┌─ Source data
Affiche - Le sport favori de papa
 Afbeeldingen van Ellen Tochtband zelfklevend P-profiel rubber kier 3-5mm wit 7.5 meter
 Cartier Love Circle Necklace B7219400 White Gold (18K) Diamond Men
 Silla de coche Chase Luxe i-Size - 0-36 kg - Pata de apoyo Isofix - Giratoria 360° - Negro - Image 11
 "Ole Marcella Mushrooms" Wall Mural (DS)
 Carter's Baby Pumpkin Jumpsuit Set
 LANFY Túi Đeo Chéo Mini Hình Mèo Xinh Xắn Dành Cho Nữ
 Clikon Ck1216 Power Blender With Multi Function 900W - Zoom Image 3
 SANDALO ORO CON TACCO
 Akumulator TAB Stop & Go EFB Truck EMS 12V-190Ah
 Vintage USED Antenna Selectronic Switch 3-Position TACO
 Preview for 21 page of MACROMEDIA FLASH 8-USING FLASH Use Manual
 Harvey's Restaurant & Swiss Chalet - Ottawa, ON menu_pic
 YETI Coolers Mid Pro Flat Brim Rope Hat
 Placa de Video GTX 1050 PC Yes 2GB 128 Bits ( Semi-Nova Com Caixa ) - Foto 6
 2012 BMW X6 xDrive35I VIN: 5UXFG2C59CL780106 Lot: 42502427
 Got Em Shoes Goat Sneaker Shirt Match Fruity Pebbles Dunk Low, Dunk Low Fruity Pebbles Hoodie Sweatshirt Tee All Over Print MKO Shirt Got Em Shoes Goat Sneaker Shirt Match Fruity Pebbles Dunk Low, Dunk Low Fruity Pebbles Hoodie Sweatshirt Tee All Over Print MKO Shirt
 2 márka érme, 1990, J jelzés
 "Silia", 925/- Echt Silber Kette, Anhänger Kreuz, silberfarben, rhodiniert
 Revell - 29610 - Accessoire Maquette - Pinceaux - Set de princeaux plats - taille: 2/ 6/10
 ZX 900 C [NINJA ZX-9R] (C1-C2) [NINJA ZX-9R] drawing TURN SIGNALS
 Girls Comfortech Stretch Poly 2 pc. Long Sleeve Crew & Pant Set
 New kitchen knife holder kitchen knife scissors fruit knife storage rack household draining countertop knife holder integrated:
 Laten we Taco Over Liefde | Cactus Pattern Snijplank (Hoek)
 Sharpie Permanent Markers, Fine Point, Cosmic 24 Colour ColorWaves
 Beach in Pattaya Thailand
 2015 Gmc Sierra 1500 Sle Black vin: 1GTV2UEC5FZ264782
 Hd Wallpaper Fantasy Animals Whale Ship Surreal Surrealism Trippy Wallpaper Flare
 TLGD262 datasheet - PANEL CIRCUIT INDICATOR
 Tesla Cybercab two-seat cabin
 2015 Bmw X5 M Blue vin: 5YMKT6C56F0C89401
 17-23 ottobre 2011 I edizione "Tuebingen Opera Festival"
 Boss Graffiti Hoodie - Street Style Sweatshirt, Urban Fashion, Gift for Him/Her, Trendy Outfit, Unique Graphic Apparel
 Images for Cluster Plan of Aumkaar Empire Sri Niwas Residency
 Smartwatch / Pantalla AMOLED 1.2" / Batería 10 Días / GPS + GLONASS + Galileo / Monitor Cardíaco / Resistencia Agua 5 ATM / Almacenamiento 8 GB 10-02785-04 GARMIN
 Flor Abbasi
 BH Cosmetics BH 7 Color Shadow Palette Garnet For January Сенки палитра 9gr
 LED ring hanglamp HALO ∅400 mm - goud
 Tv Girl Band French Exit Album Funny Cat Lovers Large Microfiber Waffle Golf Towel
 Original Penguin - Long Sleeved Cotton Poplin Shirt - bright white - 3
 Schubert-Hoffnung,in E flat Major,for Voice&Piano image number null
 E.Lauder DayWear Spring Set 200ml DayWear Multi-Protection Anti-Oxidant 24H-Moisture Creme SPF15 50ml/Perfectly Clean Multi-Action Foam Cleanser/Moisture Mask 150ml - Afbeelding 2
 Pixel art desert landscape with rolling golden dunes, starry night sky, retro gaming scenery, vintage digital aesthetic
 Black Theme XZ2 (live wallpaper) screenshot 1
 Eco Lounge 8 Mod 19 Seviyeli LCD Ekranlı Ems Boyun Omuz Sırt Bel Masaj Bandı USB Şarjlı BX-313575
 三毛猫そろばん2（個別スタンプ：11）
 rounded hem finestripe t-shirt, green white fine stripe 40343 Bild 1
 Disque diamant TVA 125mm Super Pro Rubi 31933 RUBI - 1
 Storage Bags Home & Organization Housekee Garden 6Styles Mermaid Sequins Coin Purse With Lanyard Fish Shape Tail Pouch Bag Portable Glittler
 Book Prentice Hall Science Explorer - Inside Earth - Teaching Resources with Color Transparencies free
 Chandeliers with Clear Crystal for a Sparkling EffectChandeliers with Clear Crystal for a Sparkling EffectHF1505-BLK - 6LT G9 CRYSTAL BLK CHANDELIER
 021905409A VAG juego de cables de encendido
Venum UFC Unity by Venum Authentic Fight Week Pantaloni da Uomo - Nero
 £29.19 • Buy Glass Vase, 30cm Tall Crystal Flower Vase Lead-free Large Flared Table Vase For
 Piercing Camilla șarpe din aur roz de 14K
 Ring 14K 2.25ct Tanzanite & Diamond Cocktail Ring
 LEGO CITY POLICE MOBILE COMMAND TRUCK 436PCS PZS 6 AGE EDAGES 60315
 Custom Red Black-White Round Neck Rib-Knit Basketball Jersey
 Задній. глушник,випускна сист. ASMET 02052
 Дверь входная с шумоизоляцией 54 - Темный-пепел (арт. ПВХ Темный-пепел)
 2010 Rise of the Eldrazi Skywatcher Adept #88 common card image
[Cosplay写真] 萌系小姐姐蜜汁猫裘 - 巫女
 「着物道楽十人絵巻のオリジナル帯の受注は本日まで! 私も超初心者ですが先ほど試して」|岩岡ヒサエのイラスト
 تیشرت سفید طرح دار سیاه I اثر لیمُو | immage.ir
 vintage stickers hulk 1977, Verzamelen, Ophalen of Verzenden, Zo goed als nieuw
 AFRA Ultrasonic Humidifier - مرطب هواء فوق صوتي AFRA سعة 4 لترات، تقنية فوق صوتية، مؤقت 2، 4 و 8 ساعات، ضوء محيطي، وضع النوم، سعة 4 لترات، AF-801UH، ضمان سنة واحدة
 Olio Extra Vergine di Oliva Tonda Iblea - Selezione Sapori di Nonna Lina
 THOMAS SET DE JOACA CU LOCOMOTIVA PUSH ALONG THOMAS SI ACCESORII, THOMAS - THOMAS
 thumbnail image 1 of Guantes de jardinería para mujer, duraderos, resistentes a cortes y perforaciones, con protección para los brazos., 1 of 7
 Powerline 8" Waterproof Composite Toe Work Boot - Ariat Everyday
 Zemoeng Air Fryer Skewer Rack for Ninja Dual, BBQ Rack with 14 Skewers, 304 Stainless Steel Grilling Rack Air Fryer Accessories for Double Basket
└─
### Description of the task
Report the lines above that have the word "Multi" in them.

### Reply
 Clikon Ck1216 Power Blender With Multi Function 900W - Zoom Image 3
 E.Lauder DayWear Spring Set 200ml DayWear Multi-Protection Anti-Oxidant 24H-Moisture Creme SPF15 50ml/Perfectly Clean Multi-Action Foam Cleanser/Moisture Mask 150ml - Afbeelding 2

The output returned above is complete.